The permanent storage is in dict. The dict keys have components:

  • priv/ vs. shared/ for specifying private vs. shared metadata
  • server/ vs mailbox/[mailbox guid]/ vs. mail/[mailbox guid]/[uid]
  • the metadata key name
This would be a good time to improve the dict configuration to allow things like:
  • mixed backends for different hierarchies (e.g. priv/mailbox/* goes to a file, while the rest goes to sql)
  • allow sql dict to be used in more relational way, so that mail annotations could be stored with tables: mailbox (id, guid) and mail_annotation (mailbox_id, key, value), i.e. avoid duplicating the guid everywhere.
Things to think through:
  • How to handle quota? Probably needs to be different from regular mail quota. Probably some per-user "metadata quota bytes" counter/limit.
  • Dict lookups should be done asynchronously and prefetched as much as possible. For per-mail annotation lookups mail_alloc() needs to include a list of annotations that are wanted.

Configuration


Copy all mail settings to namespaces, so it'll be possible to use per-namespace mailbox settings. Especially important for imapc_* settings, but can be useful for others as well. Those settings that aren't explicitly defined in the namespace will use the global defaults. (Should doveconf -a show all of these values, or simply the explicitly set values?)
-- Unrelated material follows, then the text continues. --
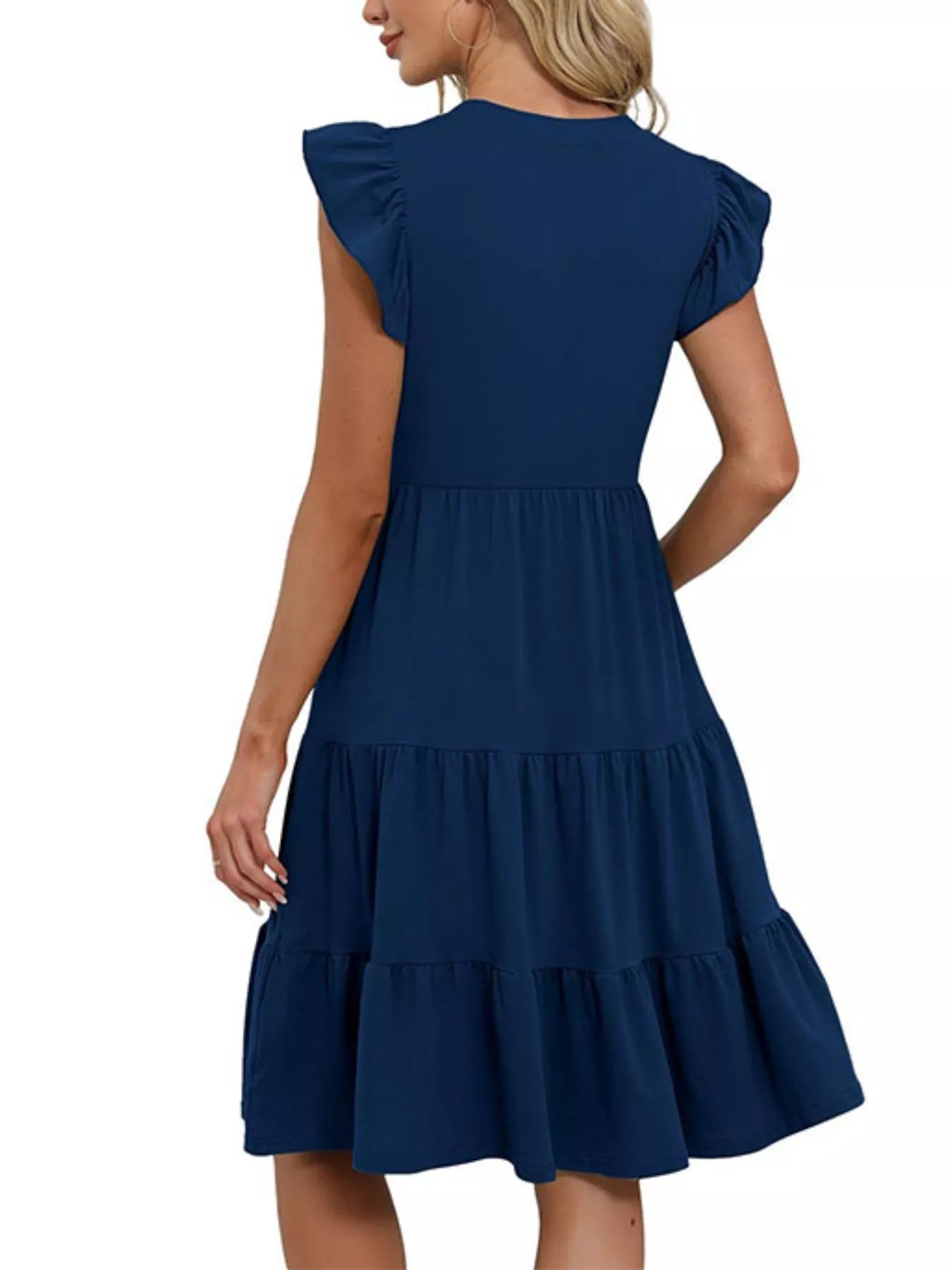 Sarah Express Women's Ruffle Sleeve Tiered Midi Dress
Get rid of *.conf.ext files. Make everything part of dovecot.conf, so doveconf -n outputs ALL of the configuration. There are mainly 3 config files I'm thinking about: dict-sql, passdb/userdb sql, passdb/userdb ldap. The dict-sql is something I think needs a bigger redesign (mentioned above in "Metadata" section), but the sql/ldap auth configs could be merged. One way could be:

sql_db sqlmails {
# most settings from dovecot-sql.conf.ext, except for queries
driver = mysql
connect = ...
}

ldap_db ldapmails {
# most settings from dovecot-ldap.conf.ext, except attributes/filters
}

passdb {
driver = sql
db = sqlmails
sql_query = select password from users where username = '%u'
}
passdb {
driver = ldap
db = ldapmails
ldap_attributes {
password = %{ldap:userPassword}
}
ldap_filter = ...
}
The sql_db {} and ldap_db {} would be generic enough to be used everywhere (e.g. dict-sql), not just for passdb/userdb.

Some problems:

  • Similar to the per-namespace mail settings, doveconf -a would output all sql_query, ldap_attributes, ldap_filter, etc. settings for all passdbs/userdbs. Perhaps a similar solution?
  • The database configs contain passwords, so they should be readable only by root. This makes running dovecot-lda and maybe doveadm difficult, since they fail at "permission denied" when trying to open the config. There are probably only two solutions: a) The db configs need to be !include_try'd or b) the configs can be world-readable, but only passwords are placed to only-root-readable files by using "password = <db.password"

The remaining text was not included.